Anyway, I don't think there is any point even trying to reason with this person and any attempt to will just add fuel to her fire.  With anyone extremely passionate about their views, whether logical or based on fact, they will only hear and see what they want to - regardless of any argument put forward to them.

So until she cools off, let us just let her be without judging or adding sticks to the flame.

-Forky

Thursday, April 24, 2008

The Straight Australia Policy

Reading up on the White Australia Policy and past racism in the United States of America, I couldn't believe how similar the logic used to discriminate is to the rationale against homosexuals.  The reasons given as to why black Americans couldn't hold fighting roles in World War Two includes the 'fact' that they aren't as mentally capable to do battle.  I wonder who decided that?  Surely not a black person.  It seems that those who discriminate like to pluck stupidity out of thin air and proclaim it as a reason to justify their awful actions.  Australia wouldn't allow black American servicemen to enter their country and had to stay in the ships at port.  They were concerned about spoiling their society, yet never considered this racism.  They were simply, based on 'fact', protecting their institution.  They didn't even let the black half of a mixed race couple to immigrate.  Does any of this ring a bell?

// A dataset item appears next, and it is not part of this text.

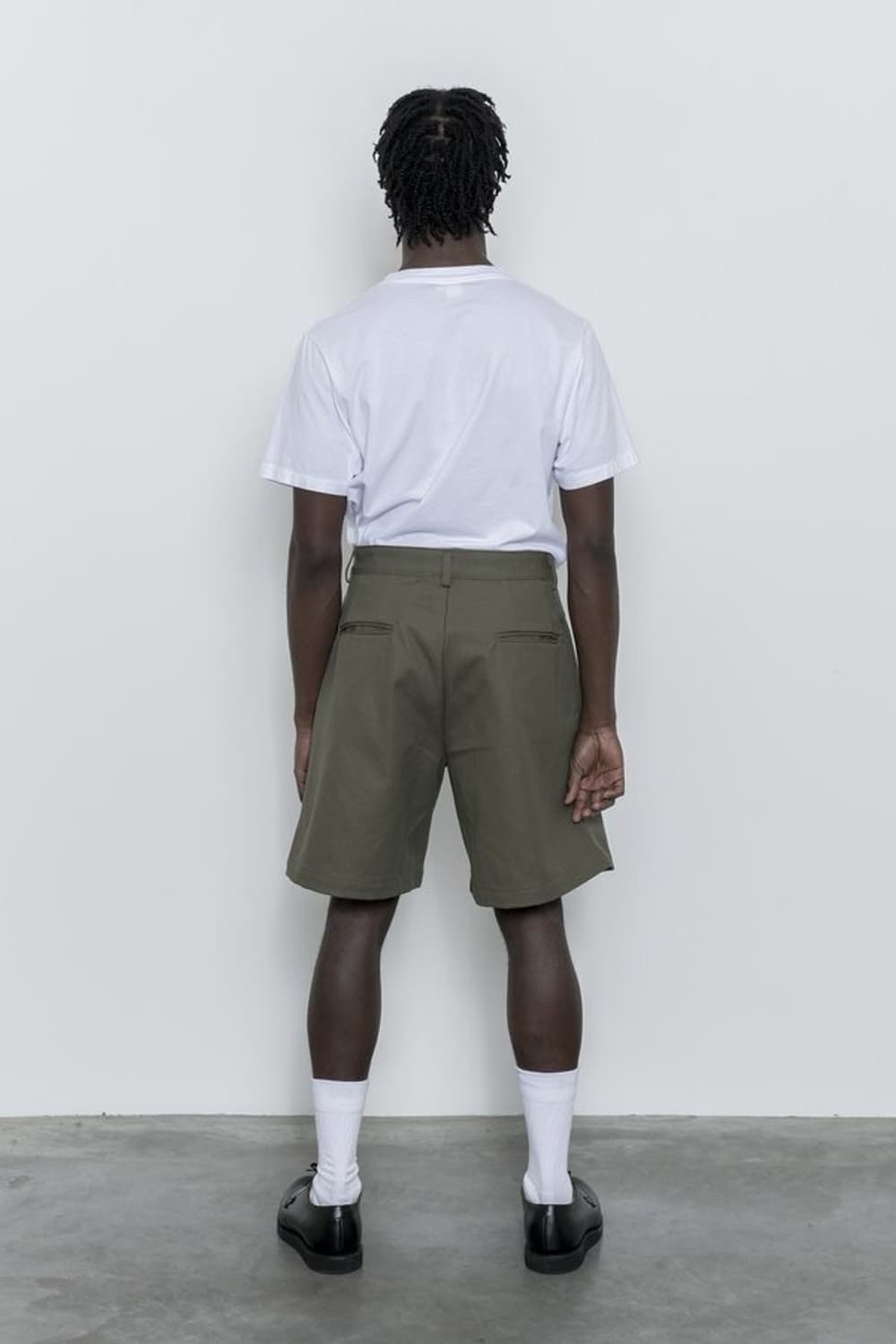 [32] PAA 더블 플리츠 쇼츠 IVORY 상품이미지10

Now, it took decades for such blatant blindness to be abolished from our supposedly educated and civilised western laws.  They couldn't prove that they were smarter and what their feelings were.  They didn't need to prove that they are black though.  That fact is plain to see.

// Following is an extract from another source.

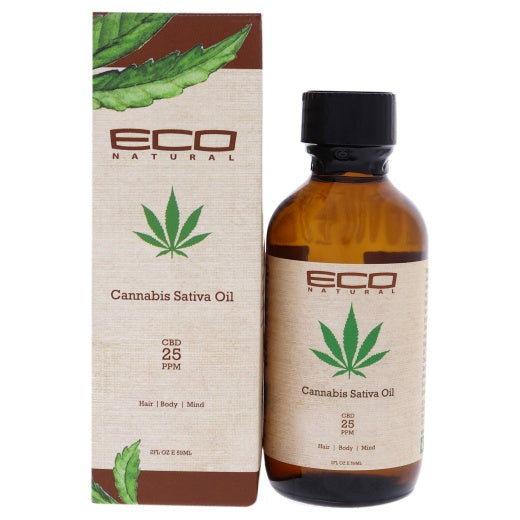 Ecoco Ecoco Eco Natural Cannabis Sativa Oil 2oz Skin Care White Smoke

The battle to stop gay discrimination faces an even more difficult challenge based on two extra layers of difficulty: our invisibility and sexual taboo.  We can't prove our existence.  You can't see gay.  Some people behave in ways stereotypically to what is perceived as gay behaviour, but most of us are transparent.  The difference between us and the norm isn't our skin colour but our sexual orientation.  Something much harder to deal with as a society and break down to one simple fact that every gay person knows:  Being gay isn't a choice and the discrimination we face is immoral and wrong.

-Forky

Wednesday, April 23, 2008

Gay Jokes

Gay jokes on TV (or anywhere for that matter) should be banned.

I caught myself laughing at one in a popular TV sitcom and was so disappointed in myself.  It was such a mindless thing and I asked myself, why?

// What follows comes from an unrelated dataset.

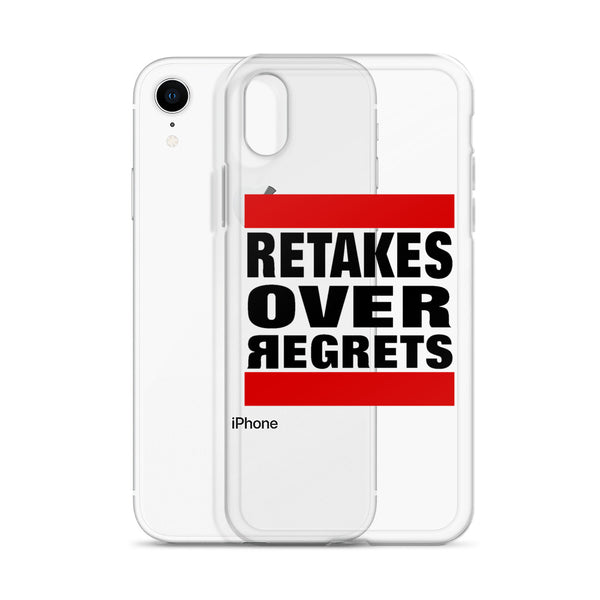 Retake Over Regrets iPhone Cases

Don't get me wrong, I DO have a sense of humour, but considering there are so many laws that discriminate against us, I believe these jokes cause more harm than the cheap, light entertainment it provides for a prime time audience.

First a joke.  Then teasing at school.  Then violence, and so on.  If us homosexuals have ever been accused of a "gay agenda", then here is the "straight agenda" slapping us on the face.  Gay jokes on TV only serves to misinform the main population and humiliate us.  It disrespects all the work toward re-education and equality.

We're still living in the stone age.  Did we support "black" jokes before laws were changed to protect them from discrimination?  Until we are granted the same equality; the "equality" everyone else takes for granted, let us keep all joking aside.  Only then should we look back with humour, and a big sigh of relief.

-Forky

Friday, April 11, 2008

I can't say "No"



"Are you gay?"

I get asked this occassionally.  Not because I'm the flamboyant type or declare my pride.  It is usually when someone puts two and two together after asking me a series of questions about my life.

Recently I was asked "are you straight?".  A slight pause.  I said "no".

We were talking about my life, my parents, moving out, religion and the culture of where I come from.  Stories from my past, without being too specific.  Being a teacher, this person could tell straight away what I wasn't saying.

I don't need to say "I am gay which is why I..........".

It is nice to know that within these gaps is a voice that I don't need to breathe air into. Sometimes silence speaks more proclaiming my pride.

My story isn't unique.  As a young gay adult I tend to keep the peace.  Learning on the fly how to comb things over and keep everyone happy.

-Forky

Thursday, April 3, 2008

I want a baby

I had a thought the other day that all my friends are either at the stage of getting married or having children.  Then I asked myself: "would I have kids if I were straight?".  I thought deeply about it and I came to an undeniable conclusion: YES.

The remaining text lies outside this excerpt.